Spanish city; capital of the province of the same name; famous for its university. The Jews of Salamanca rendered valuable services to King Ferdinand II. of Leon during the war against the King of Castile in 1169, and in return were granted (in 1170) equal rights and liberties with the Christian inhabitants ("Fuero de Salamanca," tit. ccclxii.). The town council was ordered to protect and, if necessary, to defend the Jews; and for this protection a yearly tax of 15 morabetinos was imposed on the latter. They were not, however, spared during the persecutions of 1391.
In 1412 Vicente Ferrer preached in Salamanca, his sermons having for their object the conversion of the Jews; and such of the latter as were baptized there called themselves "Vicentinos." The large synagogue was at that time transformed into a church to which was given the name "Vera Cruz," and afterward into a college of the Brothers of Charity. At the entrance to this college the following Latin verses were displayed:
"Antiquum coluit vetus hoc Sinagoga sacellum, At nunc est verae religionis sacrum: Judaeo expulso, primus Vincentius istam Lustravit pura religione domum. Fulgens namque jubar subito descendit Olimpo, Cunctisque impressit pectora signa Crucis. Judaei trahunt cives Vicentii nomina multi, Et templum hoc Verae dicitur inde Crucis."

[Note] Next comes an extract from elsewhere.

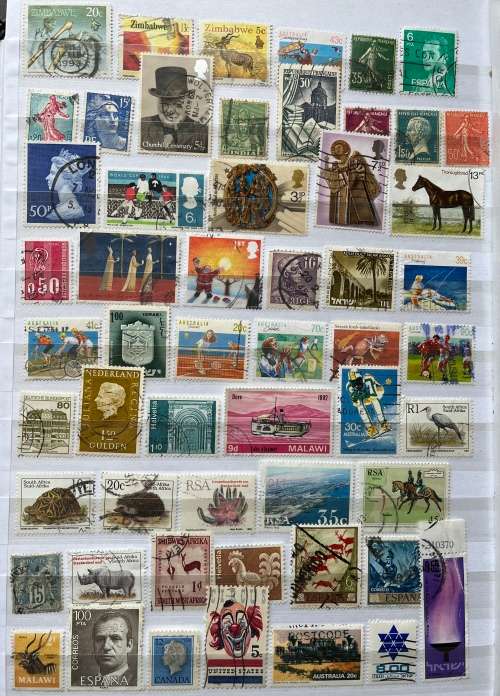 Approx 1000 different used stamps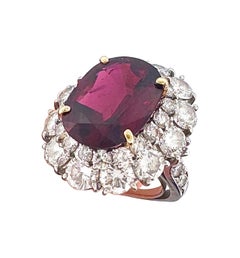 Exquisite Van Cleef & Arpels 7.77ct Ruby Ring with 4.00ct Diamond Halo — Signed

The Jews of the city were in grave danger from a ritual-murder accusation which was made against them in 1456. On a Christian holiday, presumably Easter, the little son of a rich merchant ("filho de hum rrico mercador"), adorned with golden trinkets, had left his home. The child was lured out of town by robbers, who, after stealing the valuables, murdered him and buried the body in a secluded spot. After a long, vain search for the boy a reward was publicly offered for any information concerning him. Some days later certain shepherds came with their cattle to the place where the corpse was buried, and their dogs, scratching the earth, uncovered an arm and brought it to their masters, who exhibited it in the town. The father and relatives of the murdered child, together with other citizens, on proceeding to the place where the arm had been found, discovered the rest of the remains. The populace, inspired by hatred of the Jews, proclaimed without further investigation that the child had been killed by the latter, who, they asserted, had taken out the heart, fried it, and partaken of it as food. The relatives of the child, together with many others, soon armed themselves in order to attack the Jews. The king, however, hearing of the affair, ordered a thorough investigation, and the innocence of the Jews was finally established through the evidence of the goldsmith to whom the murderers had sold the trinkets taken from the slain boy (S. Usque, "Consolaçam as Tribulaçoens de Ysrael," p. 189b; also Joseph ha-Kohen, "'Emeḳ ha-Baka," pp. 77 et seq. ). In 1492 the Jews of Salamanca, who had been so numerous that they, together with those of Ciudad-Rodrigo, paid 7,800 maravedis in taxes for the year 1474, emigrated, mostly to Portugal.
In Salamanca lived Rabbi Menahem ben Ḥayyim ha-Aruk, otherwise Longo (d. 1425), and the Talmudist Moses ben Benjamin and his son Isaac, both of whom maintained a correspondence with Isaac b. Sheshet. Salamanca was also the birthplace of the mathematician and astronomer Abraham Zacuto, who lectured at the university there.